Creating and Applying Materials
Use the Material Editor to easily manage Materials you are using in the scene. You can carry out multiple editing tasks, including the following:
- Setting a quick Material and then using a shortcut to apply it to the selected face(s).
- Assigning up to 10 Materials to shortcuts and buttons in the editor so you can easily apply multiple Materials to faces without having to use the Project view to find them.
- Defining extra Material slots in your Palette so that you can manage extra Materials at once.
- Saving your Material arrangement in a new Material Palette so that you can find it easily and re-use it in other scenes and projects.
- Loading a previously saved Material Palette into the Material Editor.
The Materials you use in the Material Editor are standard Unity Materials. If you want to create your own standard Unity Material, follow the instructions in Creating a material asset and assigning a Unity shader to it in the Unity manual. For Texture Materials, follow the instructions in Creating a Texture Material.
Note: If you are using either the Universal Render Pipeline (URP) or the High Definition Render Pipeline (HDRP), you also need to import the corresponding URP or HDRP Shaders needed to display vertex colors and textures correctly.
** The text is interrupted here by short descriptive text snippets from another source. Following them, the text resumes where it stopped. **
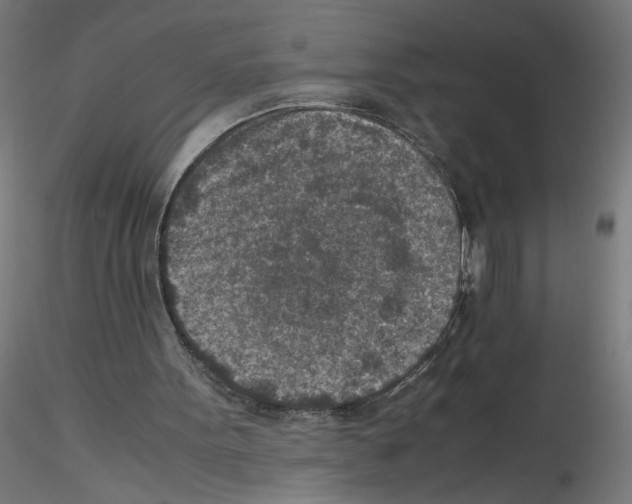 X0000115540099200912181539
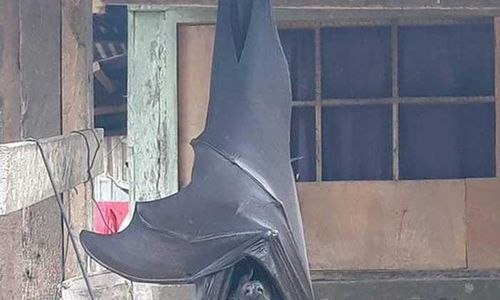 <p>Foto: Twitter</p>
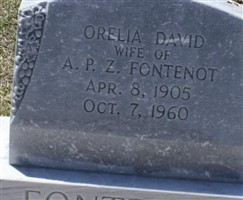 Orelia David Fontenot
For more information, see Support for scriptable render pipelines.
Creating a Texture Material
Before you create the Material, make sure you have a 2-dimensional image file (BMP, JPG, PNG, TIF etc.). Then follow these instructions:
Right-click in the Project view, in the folder you want to place the Material file, and select Create > Material from the context menu.
Alternatively, you can use the main menu (Assets > Create > Material).
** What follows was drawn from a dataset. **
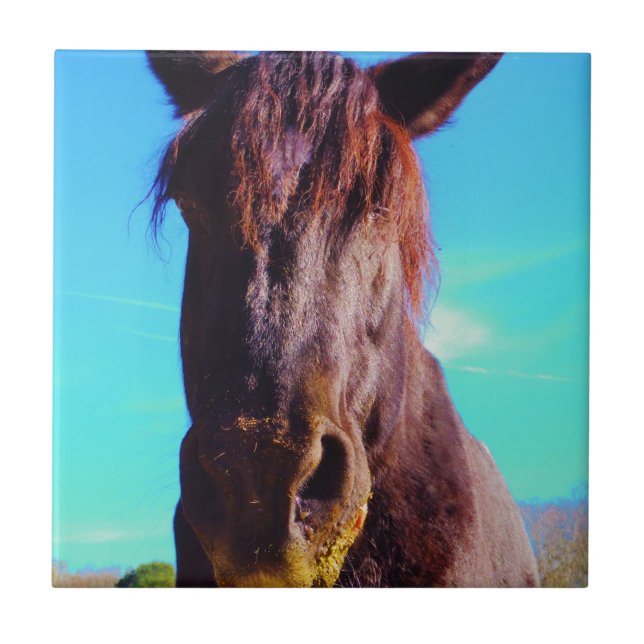 Cavalo Roxo com Boca Verde (Frente)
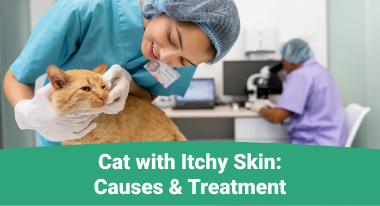 Cat with Itchy Skin Causes & Treatment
Name the Material file. For example, you could describe the look or use of the Texture, such as "BrickWall" or "CheckeredTile".
The Shader properties appear in the Inspector.
Set a reference to the Texture file you want to use in the Albedo property.
Now that you have a Texture Material, you can set it as the quick Material, add it to your Material Palette, and apply it to a whole object or only specific faces.